[WHAT IS EXPECTED] For the records below, output word for word the lines from the one with "Repeat the same" up to and including the one with "The Color Vision". No pictures.

[DATA EXTRACT]
__________________________________________________
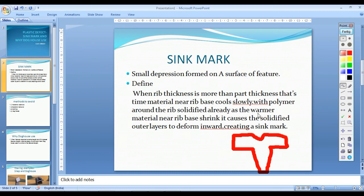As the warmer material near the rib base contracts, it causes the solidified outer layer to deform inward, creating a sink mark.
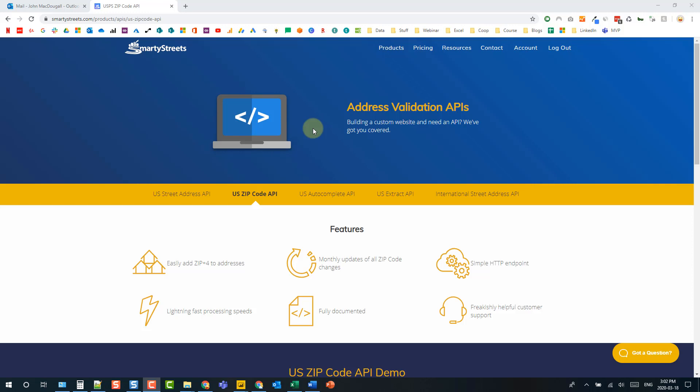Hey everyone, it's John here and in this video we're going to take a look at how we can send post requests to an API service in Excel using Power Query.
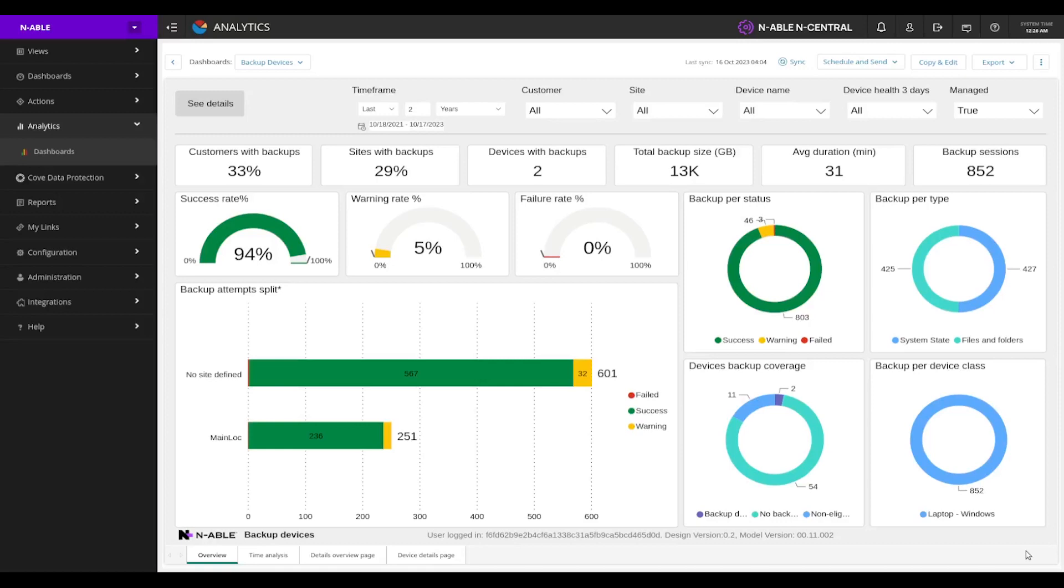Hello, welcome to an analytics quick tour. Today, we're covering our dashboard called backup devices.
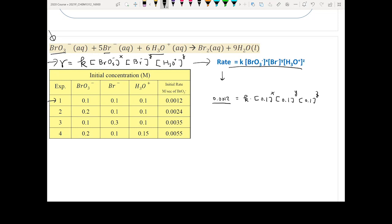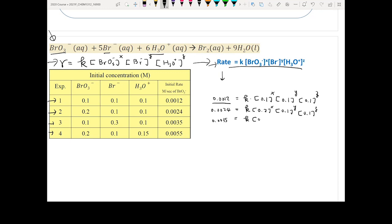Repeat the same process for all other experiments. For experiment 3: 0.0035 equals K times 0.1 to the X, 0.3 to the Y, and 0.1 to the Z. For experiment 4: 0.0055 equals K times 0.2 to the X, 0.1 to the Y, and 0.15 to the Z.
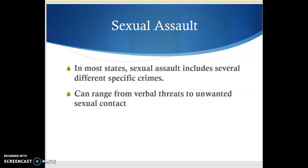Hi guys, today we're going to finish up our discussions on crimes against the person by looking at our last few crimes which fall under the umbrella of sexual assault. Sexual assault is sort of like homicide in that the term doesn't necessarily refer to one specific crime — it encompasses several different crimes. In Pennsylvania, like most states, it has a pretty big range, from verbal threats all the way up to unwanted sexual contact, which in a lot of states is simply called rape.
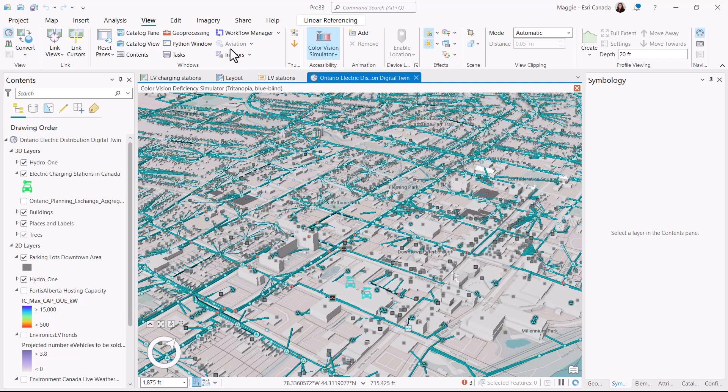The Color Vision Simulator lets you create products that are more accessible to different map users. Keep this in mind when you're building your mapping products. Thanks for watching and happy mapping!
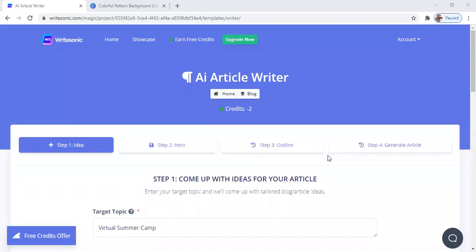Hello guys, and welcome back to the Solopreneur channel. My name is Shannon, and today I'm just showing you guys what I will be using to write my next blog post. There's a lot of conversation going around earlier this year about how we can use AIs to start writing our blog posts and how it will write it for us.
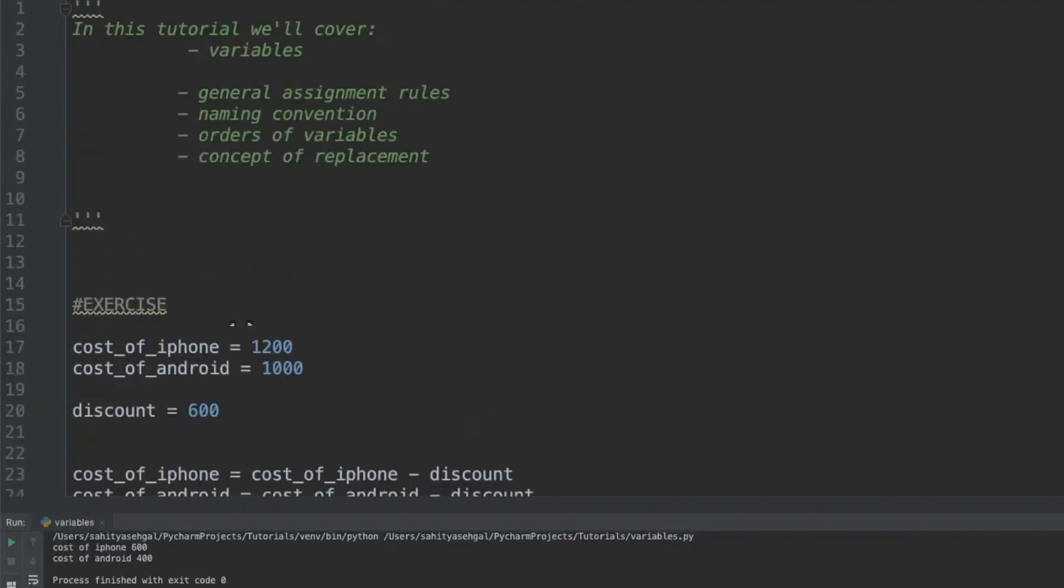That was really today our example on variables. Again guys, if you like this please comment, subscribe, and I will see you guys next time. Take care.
__________________________________________________
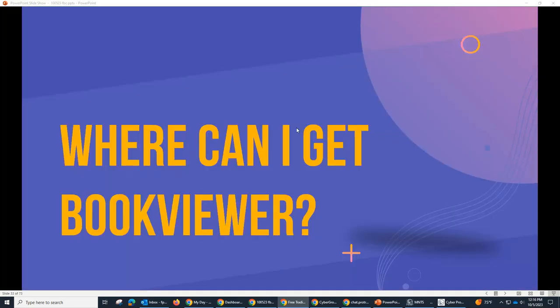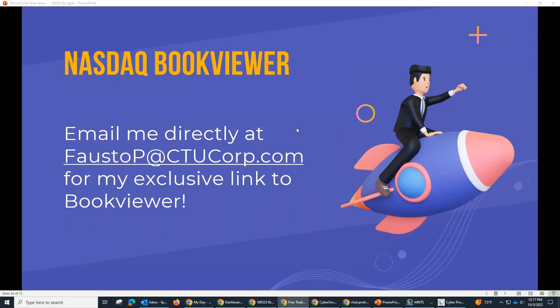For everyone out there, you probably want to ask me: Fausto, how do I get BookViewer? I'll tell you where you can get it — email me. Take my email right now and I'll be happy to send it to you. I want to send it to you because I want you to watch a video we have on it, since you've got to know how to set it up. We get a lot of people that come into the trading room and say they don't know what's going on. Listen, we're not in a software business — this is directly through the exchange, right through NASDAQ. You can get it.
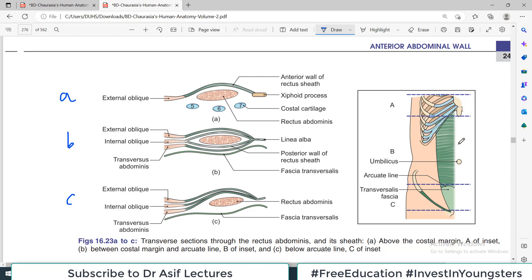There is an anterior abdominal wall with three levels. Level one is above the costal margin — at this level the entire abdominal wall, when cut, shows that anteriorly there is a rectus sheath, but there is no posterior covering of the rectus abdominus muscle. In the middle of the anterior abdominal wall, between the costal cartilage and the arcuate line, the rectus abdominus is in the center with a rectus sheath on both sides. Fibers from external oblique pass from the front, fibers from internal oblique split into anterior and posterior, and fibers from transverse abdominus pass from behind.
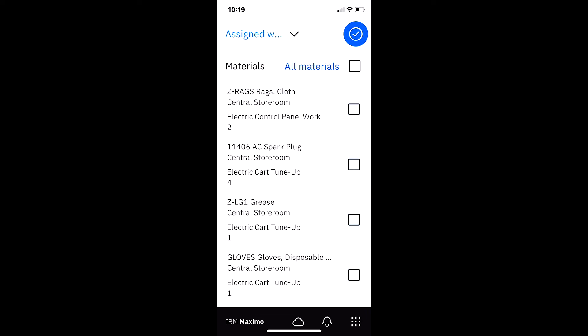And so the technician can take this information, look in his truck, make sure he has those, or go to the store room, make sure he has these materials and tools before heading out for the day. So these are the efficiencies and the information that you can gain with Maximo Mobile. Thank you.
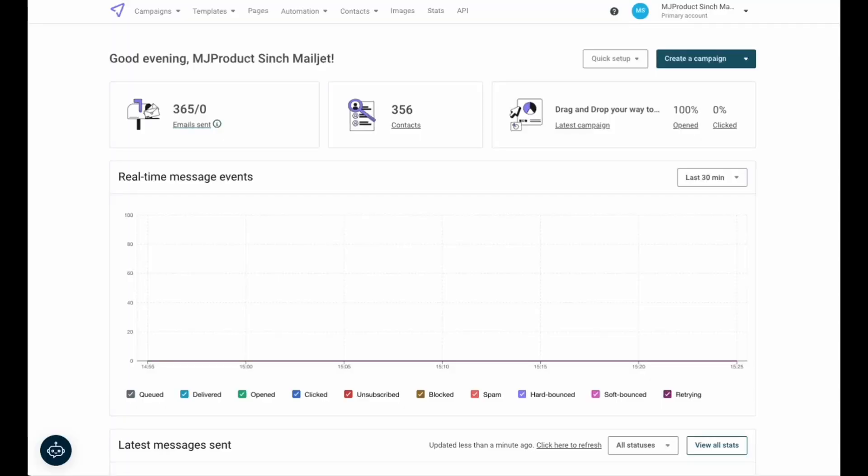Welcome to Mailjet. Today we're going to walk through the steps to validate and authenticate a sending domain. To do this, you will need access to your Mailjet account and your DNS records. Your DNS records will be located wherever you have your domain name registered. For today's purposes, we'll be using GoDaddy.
__________________________________________________
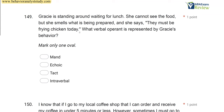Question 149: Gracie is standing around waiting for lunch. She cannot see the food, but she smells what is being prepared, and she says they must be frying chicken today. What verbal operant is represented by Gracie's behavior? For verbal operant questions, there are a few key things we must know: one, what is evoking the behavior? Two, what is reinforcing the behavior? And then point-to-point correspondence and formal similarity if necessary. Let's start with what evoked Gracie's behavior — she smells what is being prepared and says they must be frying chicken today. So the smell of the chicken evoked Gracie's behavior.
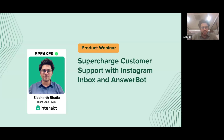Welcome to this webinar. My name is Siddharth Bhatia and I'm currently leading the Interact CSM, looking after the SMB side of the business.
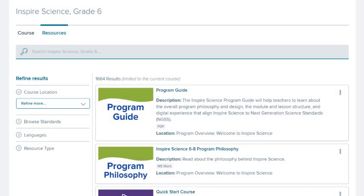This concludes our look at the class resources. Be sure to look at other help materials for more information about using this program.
__________________________________________________
[TASK RESPONSE]
Repeat the same process for all other experiments. For experiment 3: 0.0035 equals K times 0.1 to the X, 0.3 to the Y, and 0.1 to the Z. For experiment 4: 0.0055 equals K times 0.2 to the X, 0.1 to the Y, and 0.15 to the Z.
Hi guys, today we're going to finish up our discussions on crimes against the person by looking at our last few crimes which fall under the umbrella of sexual assault. Sexual assault is sort of like homicide in that the term doesn't necessarily refer to one specific crime — it encompasses several different crimes. In Pennsylvania, like most states, it has a pretty big range, from verbal threats all the way up to unwanted sexual contact, which in a lot of states is simply called rape.
The Color Vision Simulator lets you create products that are more accessible to different map users. Keep this in mind when you're building your mapping products. Thanks for watching and happy mapping!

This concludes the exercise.